Torben is a Scandinavian name from Old Norse elements meaning "Thor's bear."
Torben is a Scandinavian name of magnificent Old Norse ancestry, contracted from *Þórbjörn* — a compound of *Þórr* (Thor, the god of thunder) and *björn* (bear). In Norse cosmology this was a name of real power: Thor was the protector of humanity, the red-bearded deity who drove his goat-drawn chariot across the sky and struck his hammer Mjölnir against giants. The bear was the apex predator of the northern forests, associated with warrior ferocity and shamanic strength.
To name a child Þórbjörn was to invoke both divine protection and animal courage. As Old Norse evolved into the modern Scandinavian languages, Þórbjörn softened into Torben in Danish, Torbjørn in Norwegian, and Torbjörn in Swedish. The Danish form Torben became particularly popular, and the name has remained in consistent use in Denmark and among Scandinavian diaspora communities in North America and Australia.

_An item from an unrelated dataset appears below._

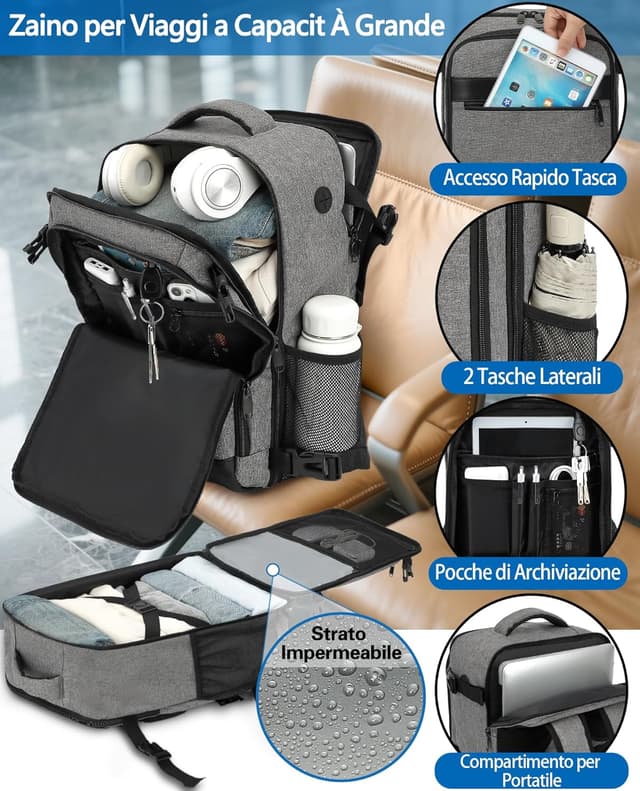 Detalle 2 de KLOSTAIN Zaino da Viaggio 30L 45x36x20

It appears in medieval sagas, in the records of Viking Age settlements in Iceland, and later in Danish literature and academic life. In the contemporary world, Torben feels grounded and unpretentious — a name worn comfortably by farmers, scholars, and craftsmen alike. Its double heritage (thunder god and bear) gives it a quiet gravity that resists trendiness. For parents seeking a name with genuine Norse roots rather than a modern Scandi-sounding invention, Torben delivers the real thing: a name that a Viking would have recognized and a modern Copenhagener would find entirely natural.